## Recorded data
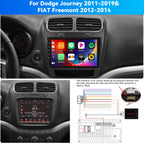 [8 Core 4G+64G] Car Radio for Dodge Journey 2011-2019 with Wireless Carplay Android Auto,9'' Touchscreen Android 15 Dodge Journey Car Stereo with WiFi/GPS Bluetooth FM/RDS 32EQ DSP+AHD Backup Camera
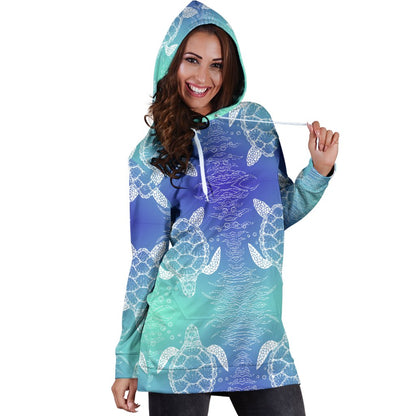 Sea Turtle Draw Women Hoodie Dress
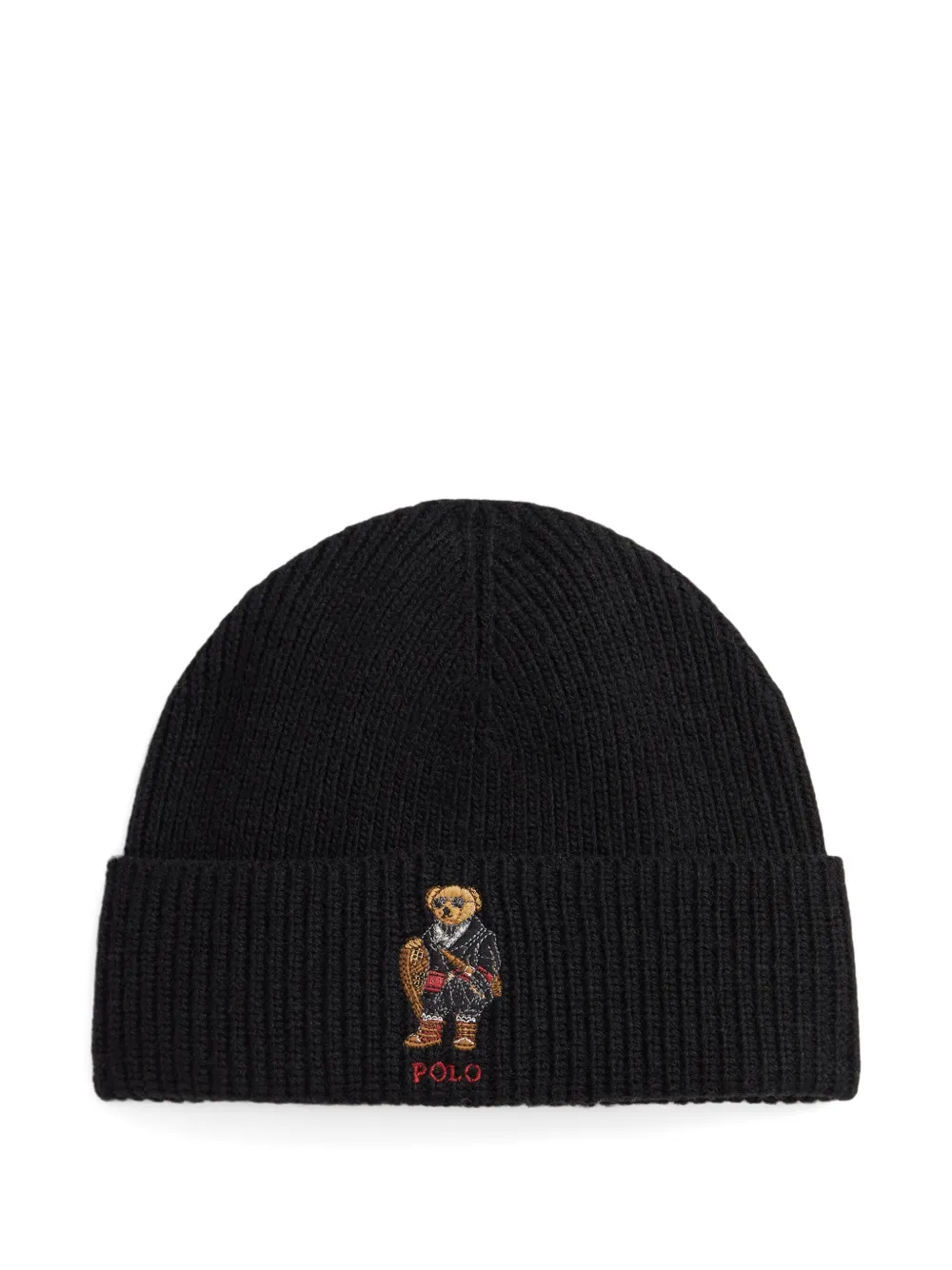Polo Ralph Lauren bear-embroidered ribbed beanie | Black | Image 1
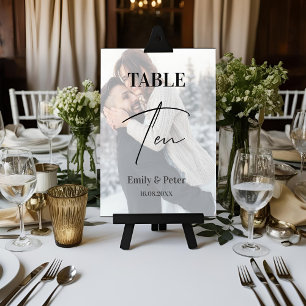 Cartão De Agradecimento Faux Vellum Foto de Casamento Dez Número de Tabela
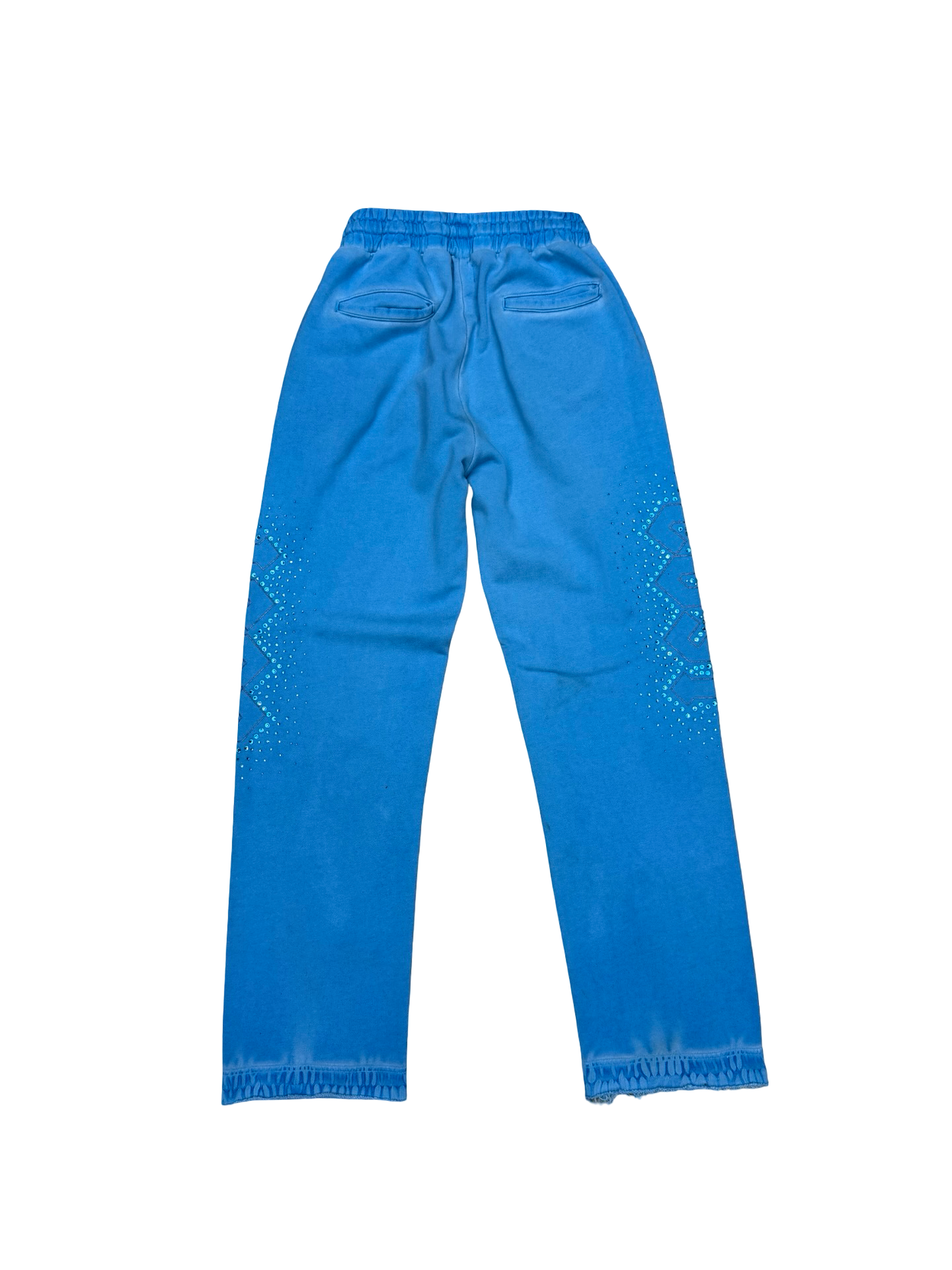Lost Intricacy Blue Flared Rhinestones Sweatpants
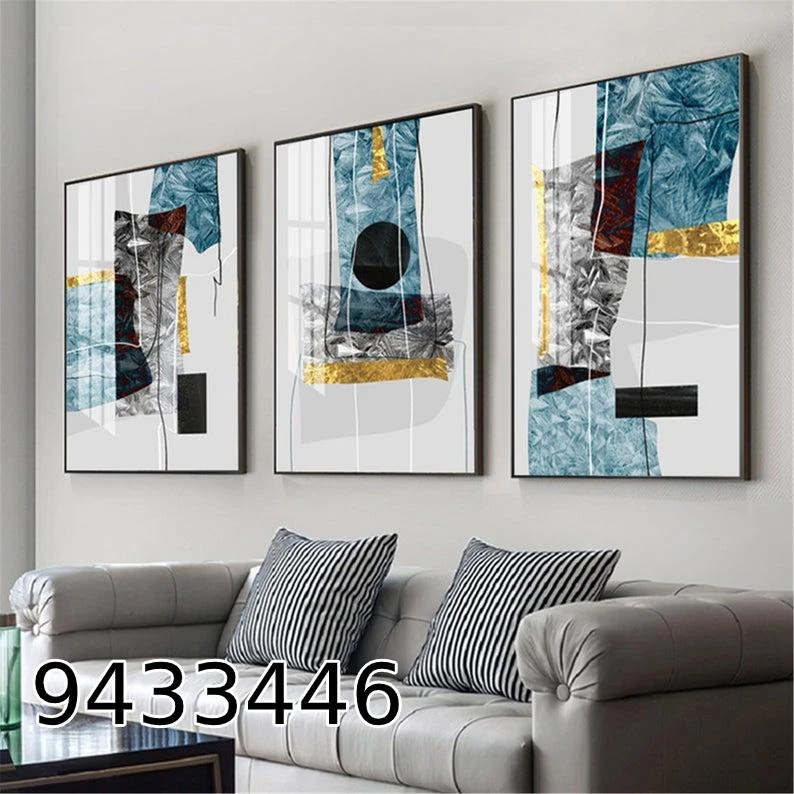 טריפל אבסטרקט תמונות מעוצבות למשרד בגווני טורקיז שחור וזהב לסלון דגם 9433446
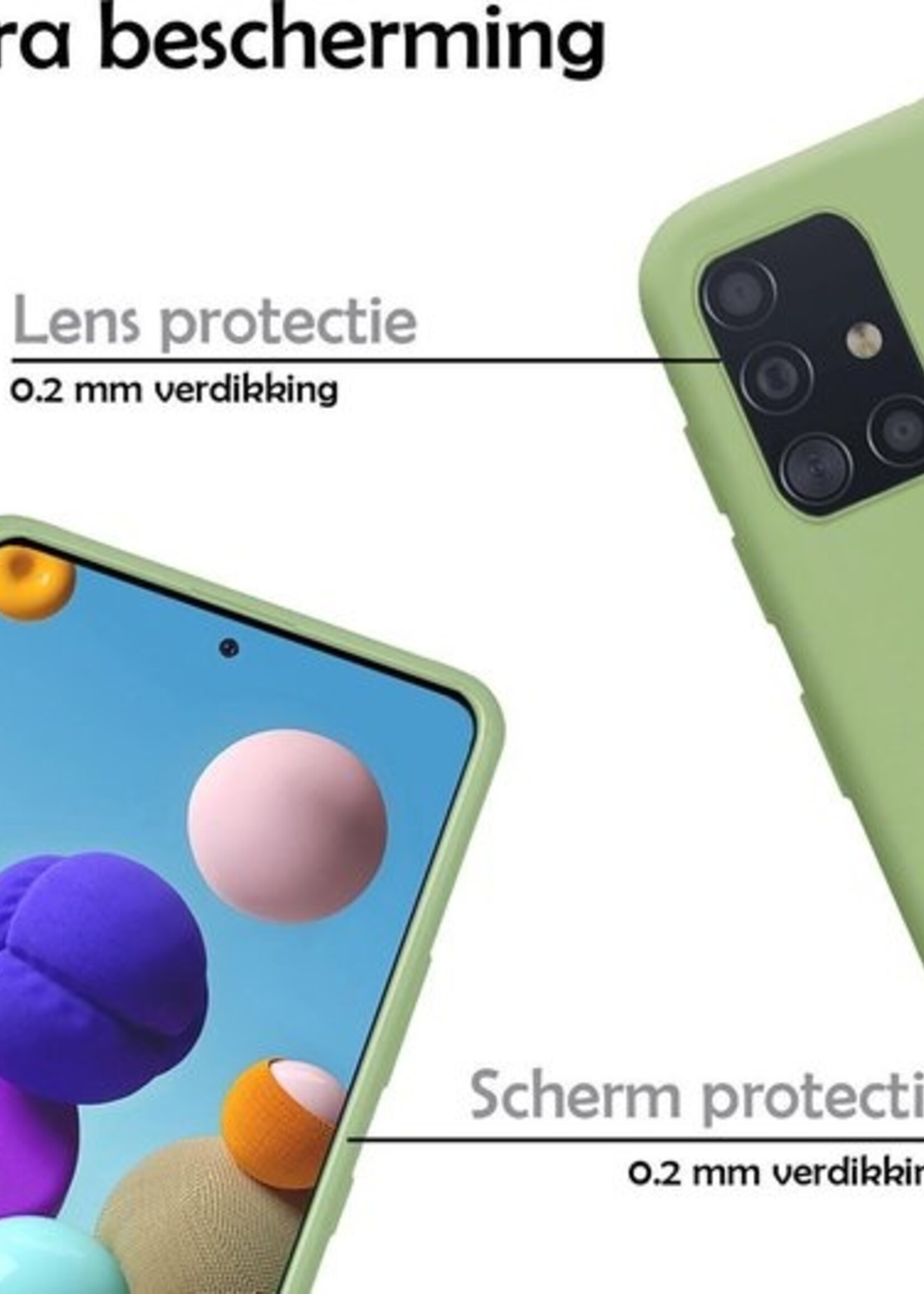 LUQ Hoesje Geschikt voor Samsung A51 Hoesje Siliconen Case - Hoes Geschikt voor Samsung Galaxy A51 Hoes Siliconen - Groen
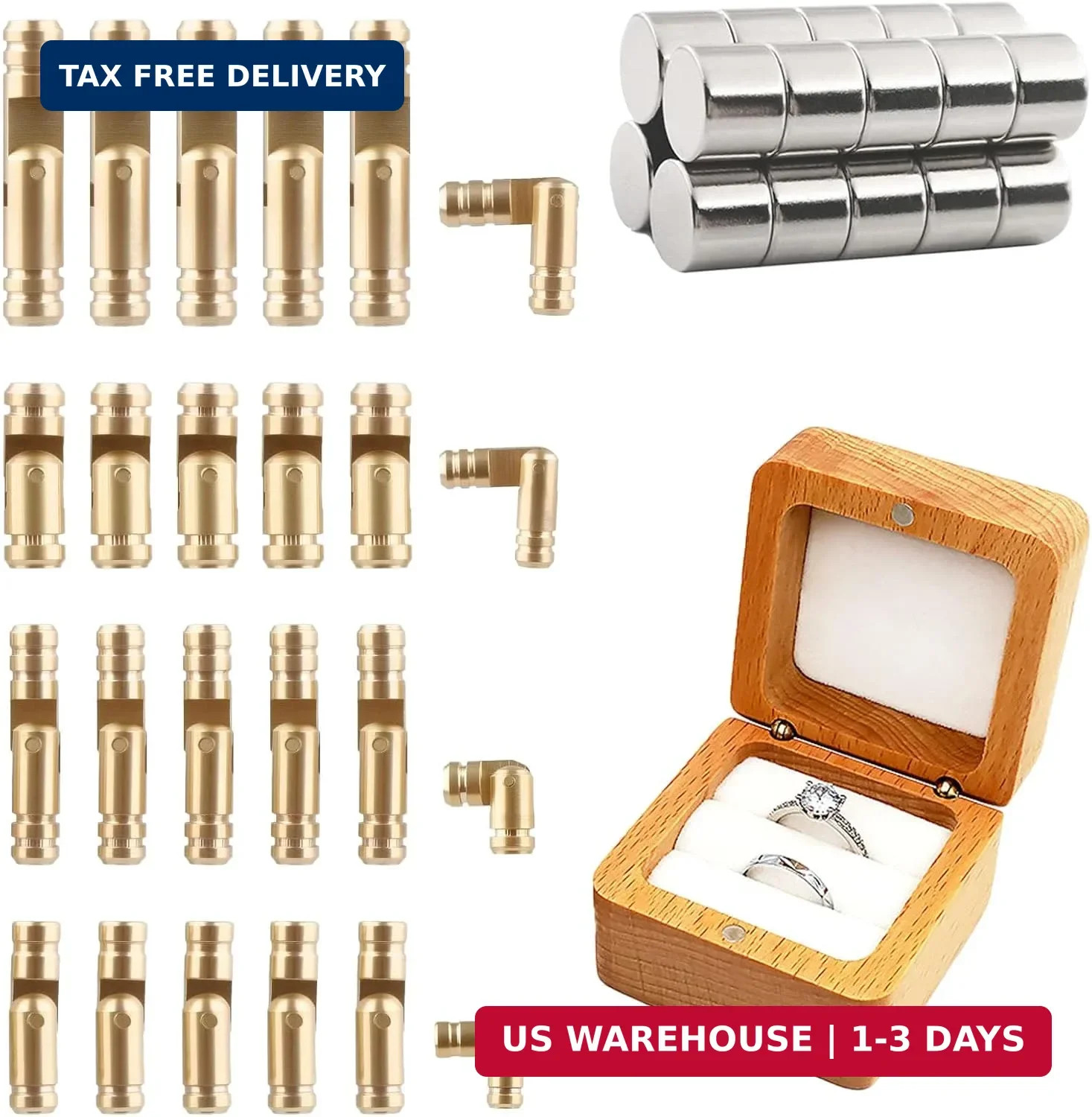 Brass Hidden Hinges Set with Magnets, 24 Cylinder Hinges in 4 Sizes, 26 Magnets,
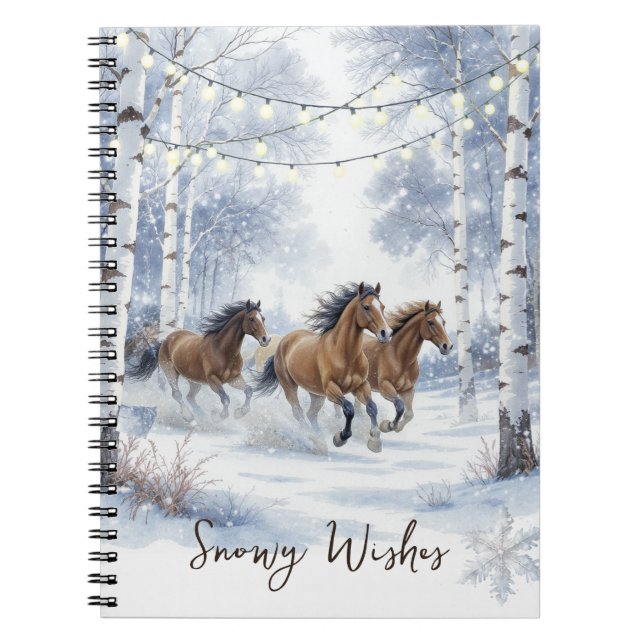 Rustic Horse Christmas  Notebook (Front)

## Exercise brief
Skip every picture. Repeat word for word the lines from the line holding "Cartão De Agradecimento" through the end of the entries above.

## Reply
 Cartão De Agradecimento Faux Vellum Foto de Casamento Dez Número de Tabela
Lost Intricacy Blue Flared Rhinestones Sweatpants
 טריפל אבסטרקט תמונות מעוצבות למשרד בגווני טורקיז שחור וזהב לסלון דגם 9433446
 LUQ Hoesje Geschikt voor Samsung A51 Hoesje Siliconen Case - Hoes Geschikt voor Samsung Galaxy A51 Hoes Siliconen - Groen
 Brass Hidden Hinges Set with Magnets, 24 Cylinder Hinges in 4 Sizes, 26 Magnets,
 Rustic Horse Christmas  Notebook (Front)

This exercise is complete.